Por lo pronto, el título disparador del llamado «boom latinoamericano» suele dividir aguas. Por un lado, existen los acérrimos detractores que se complacen en repetir «lo aburrida» y «exagerada» que les resultó la novela. Por el otro, estamos quienes la defendemos con un fanatismo a prueba de balas.
Aprovechando la ocasión, por favor permítanme recordar la novedad que significó Cien años… a título personal. De hecho, no sólo se trató de mi primera aproximación a Gabriel García Márquez. Este retrato exuberante, desopilante, original también me introdujo en un mundo desconocido, en ese entonces ajeno a mi limitada cotidianeidad adolescente.
Desde aquella lectura inicial, los nombres «Aureliano Buendía» y «Macondo» me acompañaron siempre. Con el tiempo, adquirí la costumbre de asociarlos a ciertos personajes y paisajes argentinos y latinoamericanos.
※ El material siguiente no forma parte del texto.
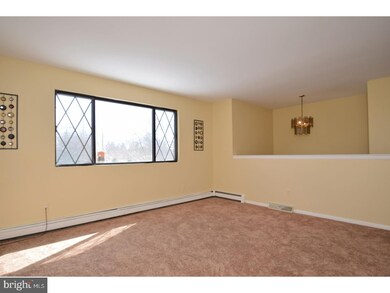 1403 Evans Rd, Pottstown, PA 19465 - photo 6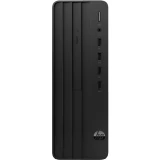 Настольный компьютер HP Pro SFF 290 G9 (883N3EA)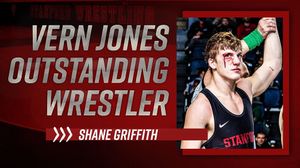Image post by @cardwrestling on Instagram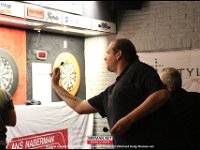 200104 Darts RR (9)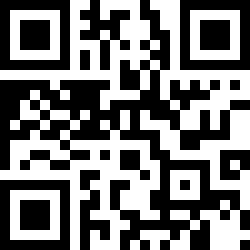 QR Code for this product variant
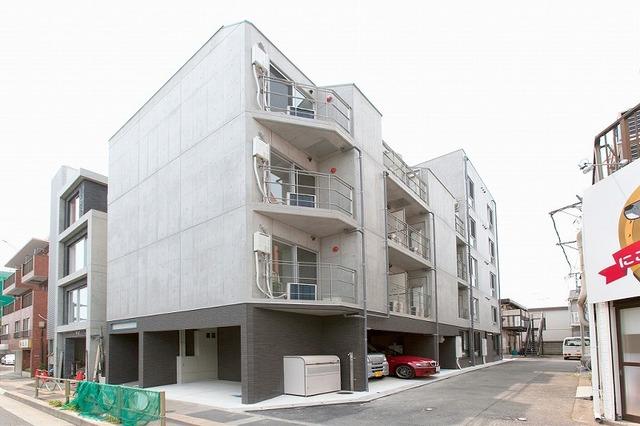 写真:その他物件の写真01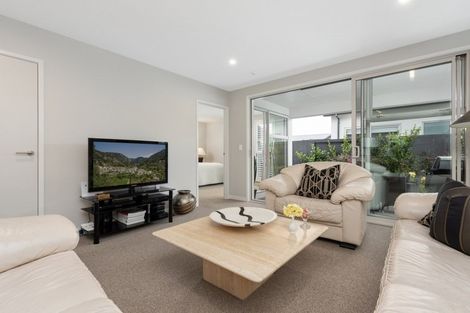 Photo of property in 29 Saint Pauls Drive, Brookfield, Tauranga, 3110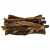 Timo Lamspens - Hondensnacks - Lam 150 g Vanaf >3 Maanden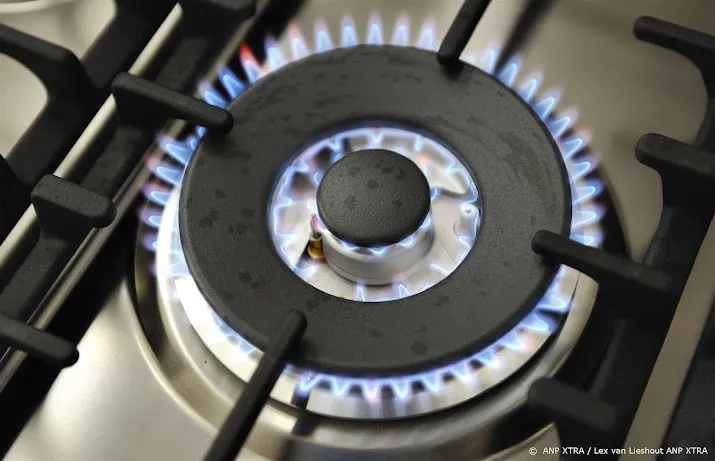 rechter zet streep door besluit gratis verwijderen gasaansluiting
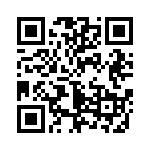 74ACT573PC QRCode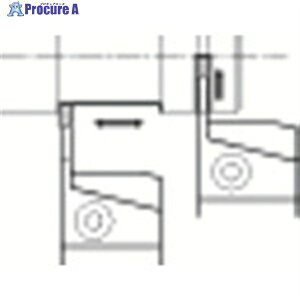 ���Z�� �[�a������H�p�z���_ KGM-T KGMR2525M-4T20 1�{ ��174-5344 ��MA515
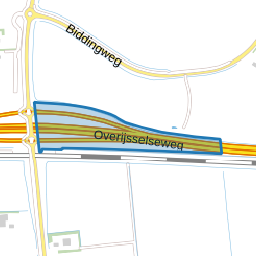 Perceel DTN01-B-4286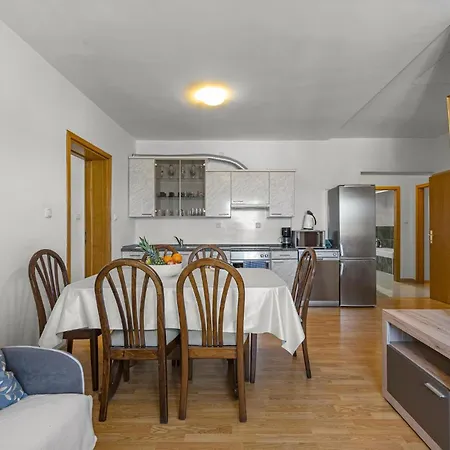 Apartman Stunning In Dubravice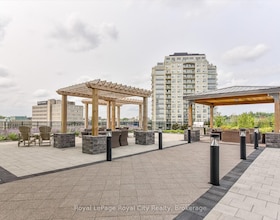 150 Wellington Street E, Wellington, ON , MLS #X13772738 , Image - 1
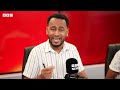 Mariin Tiraamp Iraan waliin godhe jedhaniifi Iraan hin beeku jettu maali? | BBC News Afaan Oromoo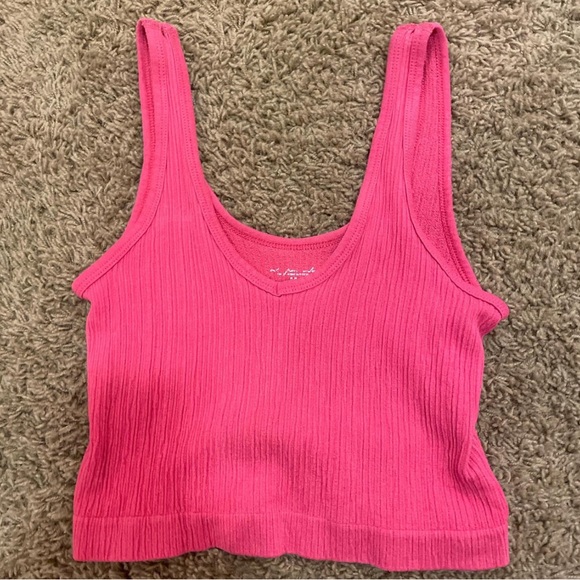 Urban outfitters tank tops - Picture 2 of 5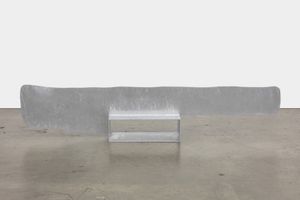 Isamu Noguchi
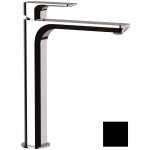 Sapho PY07 15 – Hledejceny.cz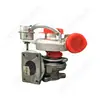 Adecuado para Turboalimentador de Motor Cummins HE200WG 3794571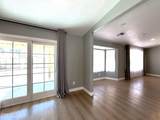 329 Brisa Drive - Photo 15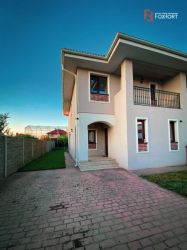 Casa Mediteraniana de vanzare - Dumbravita
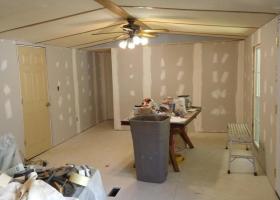 ROGER-PAINTING-REMODELING-LLC-134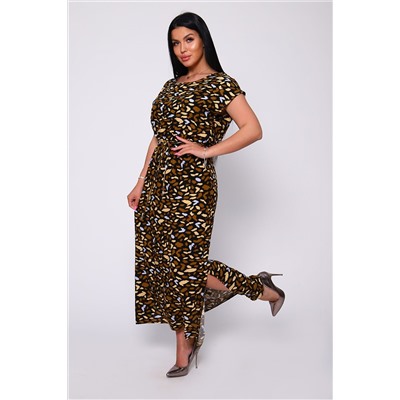 Платье 56510 НАТАЛИ #884617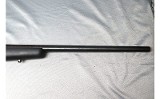 Marlin ~ XL7 ~ .30-06 Springfield - 3 of 10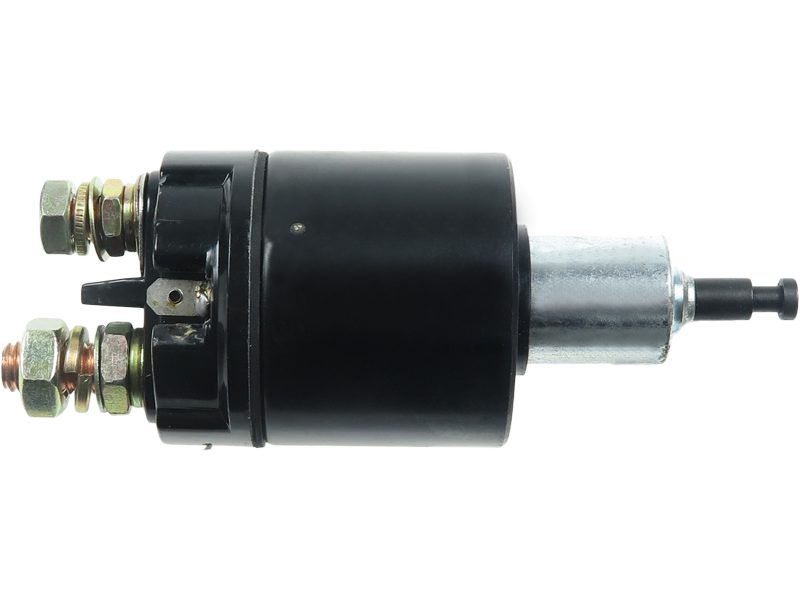 Elettromagnete motorino d'avviamento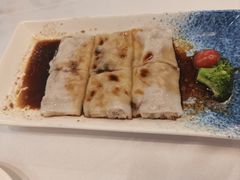 -鹿鸣酒家(越秀店)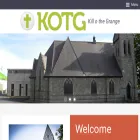 kotg.ie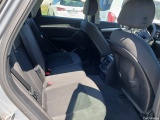  Audi  Q5  FYG 35 TDI advanced 2.0 TDI 165CV AT7 E6d  #7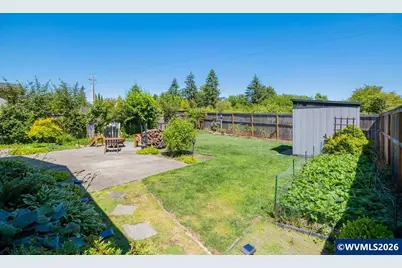 7320 SE Dot St, Corvallis, OR 97330 - Photo 41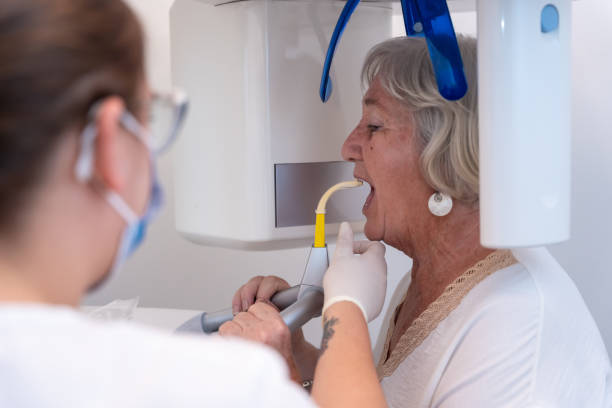 Best Emergency Dental Care for Broken or Chipped Teeth in Scotchtown, NY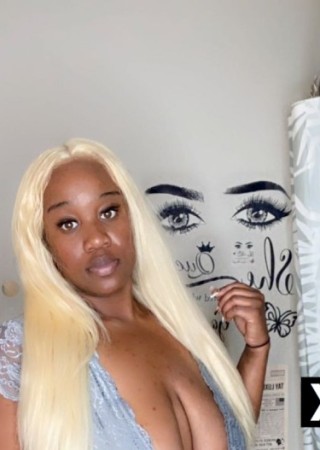 Walnut Creek | Escort Trinity Miliano-22-281110-photo-4
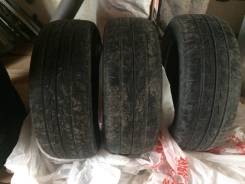 Cordiant Sport 2. Летние, 2015 год, износ: 40%, 3 шт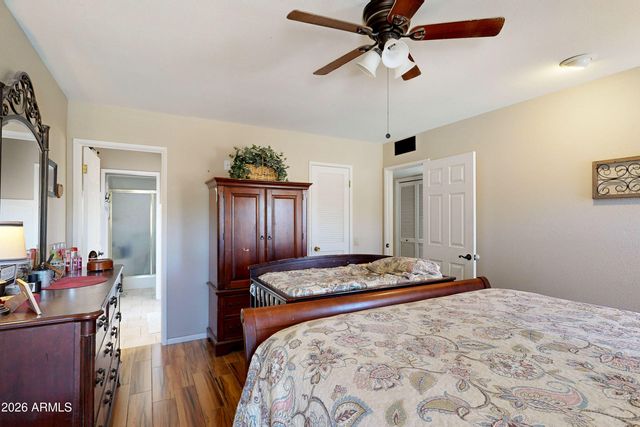 10102 W BURNS Drive, Sun City, AZ 85351
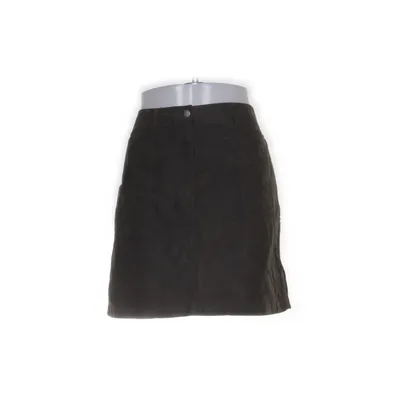 Rok (Groen) van Mexx Women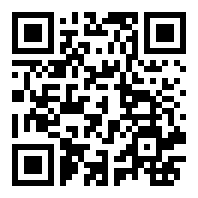 泰拉瑞亚破解版1.4破解版带存档内置VIP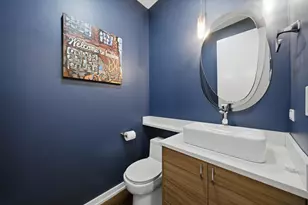 1509 N Campbell Ave, Chicago, IL 60622 - Photo 20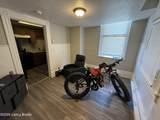 2245 Jefferson St - Photo 4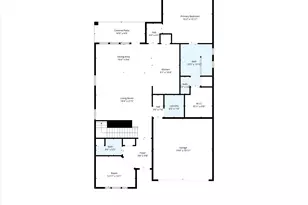 576 Spruce Trail, Forney, TX 75126 - Photo 39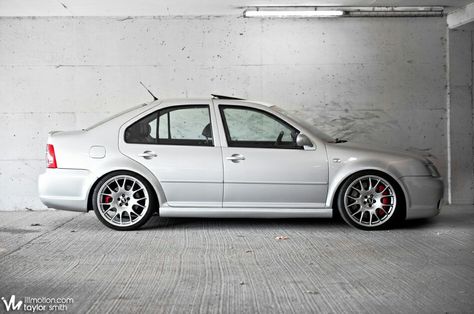 #jetta#mk4#clean#TDI#volkswagen Vw Bora Tuning, Vw Jetta Mk4, Volkswagen Tdi, Jetta Vr6, Volkswagen Germany, Vw Gli, Vw Tdi, Mk4 Jetta, Jetta A4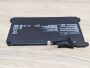 Б/В Акумуляторна батарея Asus B31N1912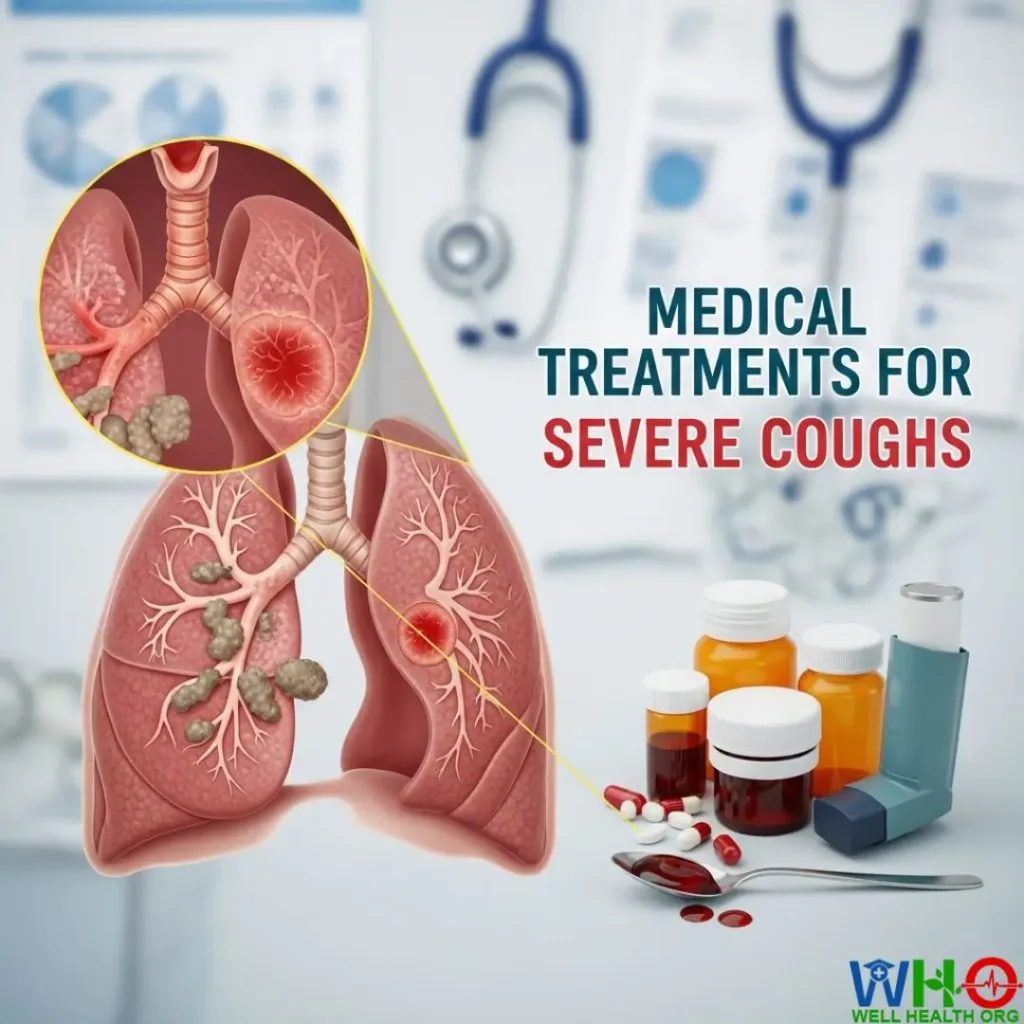 severe cough remedies 3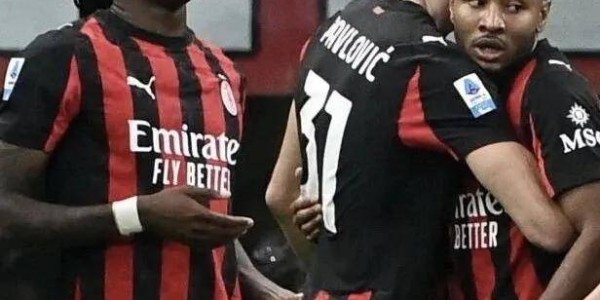 群雄逐鹿！现在的法甲，真有种德甲联赛黄金期时候的味道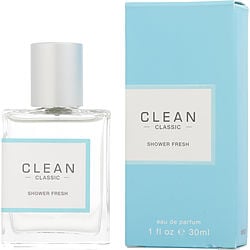 CLEAN SHOWER FRESH by Clean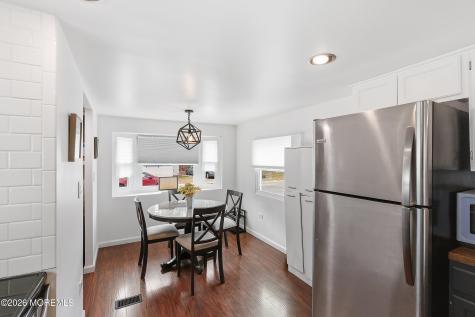 44 Woodchuck Parkway Whiting NJ 08759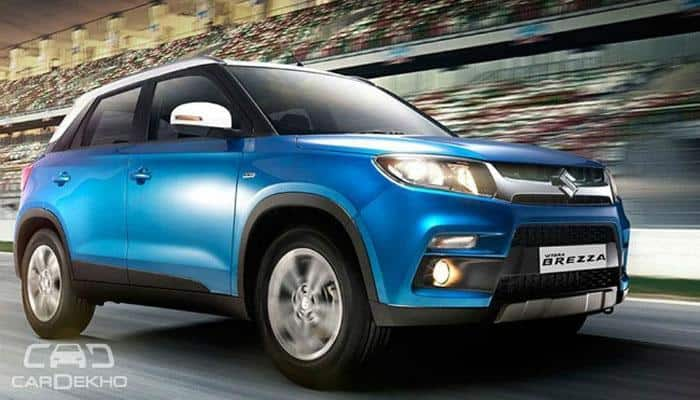 July 2016 car sales: Maruti, Hyundai fly high; Renault rises 6-fold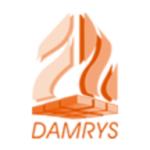 DAMRYS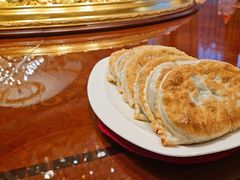 -万宝海鲜舫(劳动公园店)
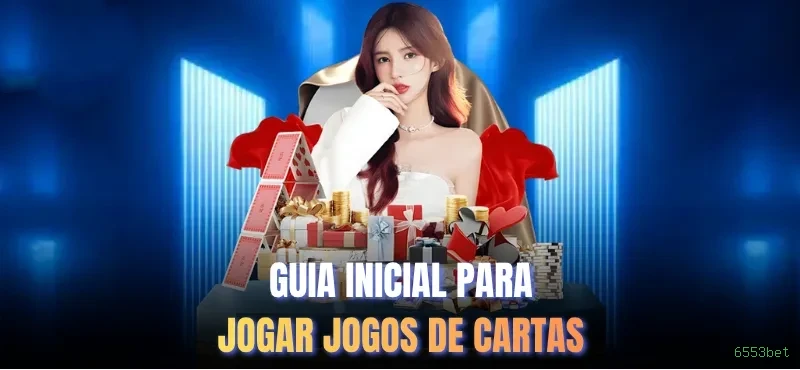 Fortune Tiger - Jogo mais popular do Brasil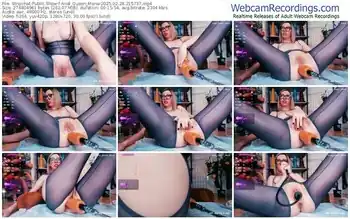 stripchat-anal_queen_mona-02-28-2025-21-57-37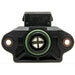 Throttle Position Sensor WVE 5S5368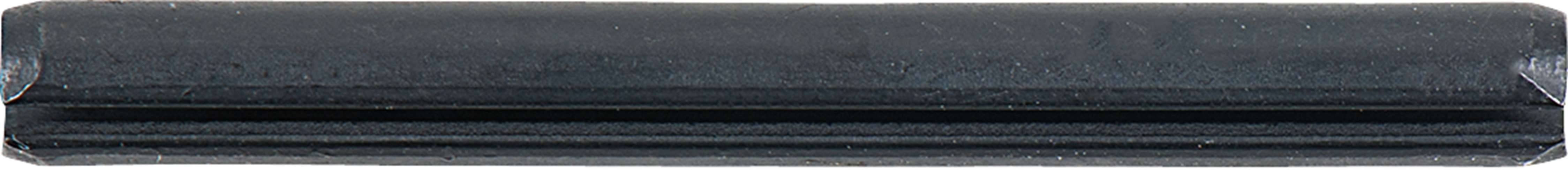 KS Tools 515.1980-R003P Splint 2 Stk.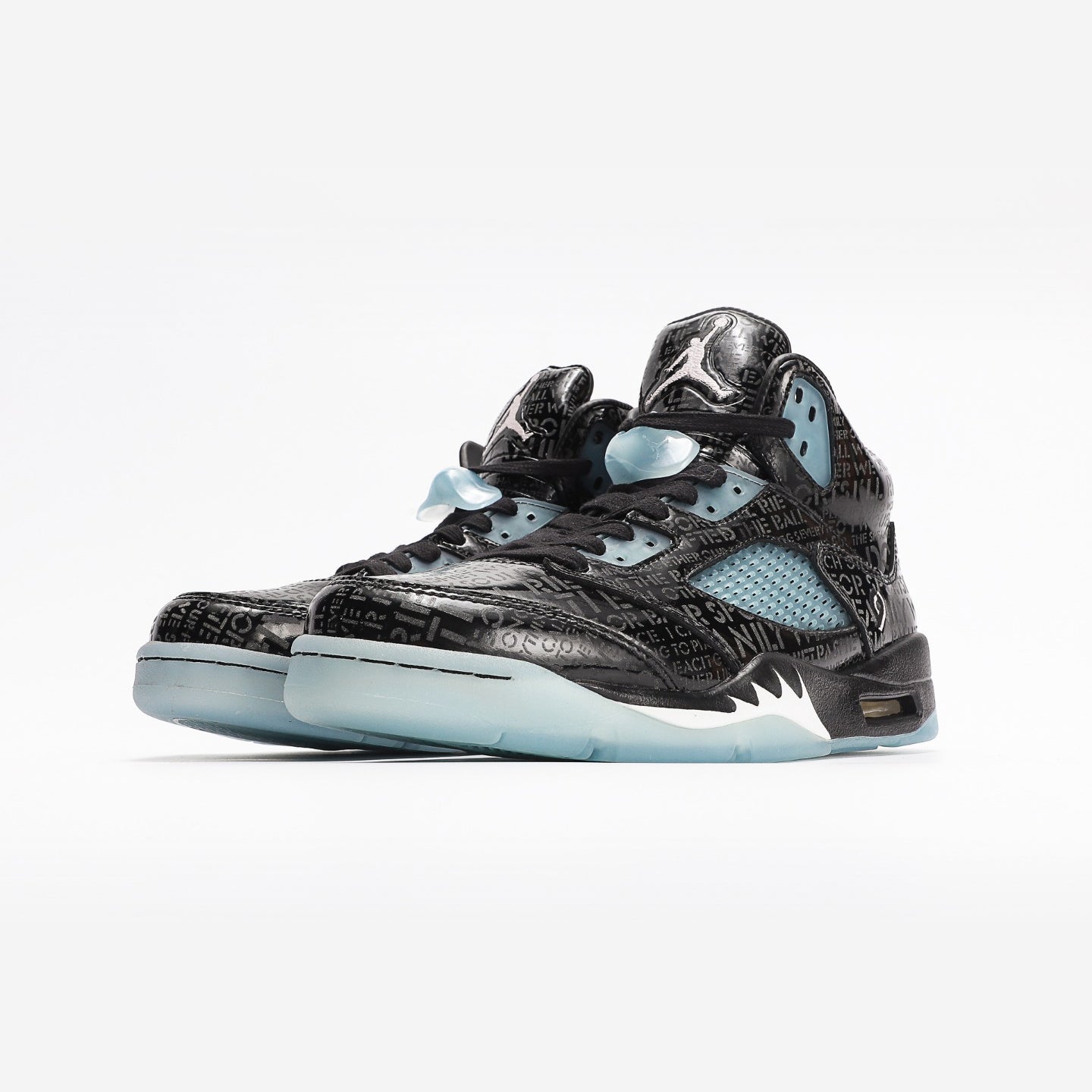 Air Jordan 5 Retro Doernbecher - Urbanize Streetwear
Además, como tantos otros lectores, adopté la expresión «realismo mágico» que repetí cual latiguillo durante un buen tiempo.
Para mí, Cien años de soledad es el referente de una época. Pienso menos en el 1967 señalado por las efemérides literarias que en la mitad de los ’80, década en la que me enamoré del gran Gabo. De ahí este pequeño homenaje.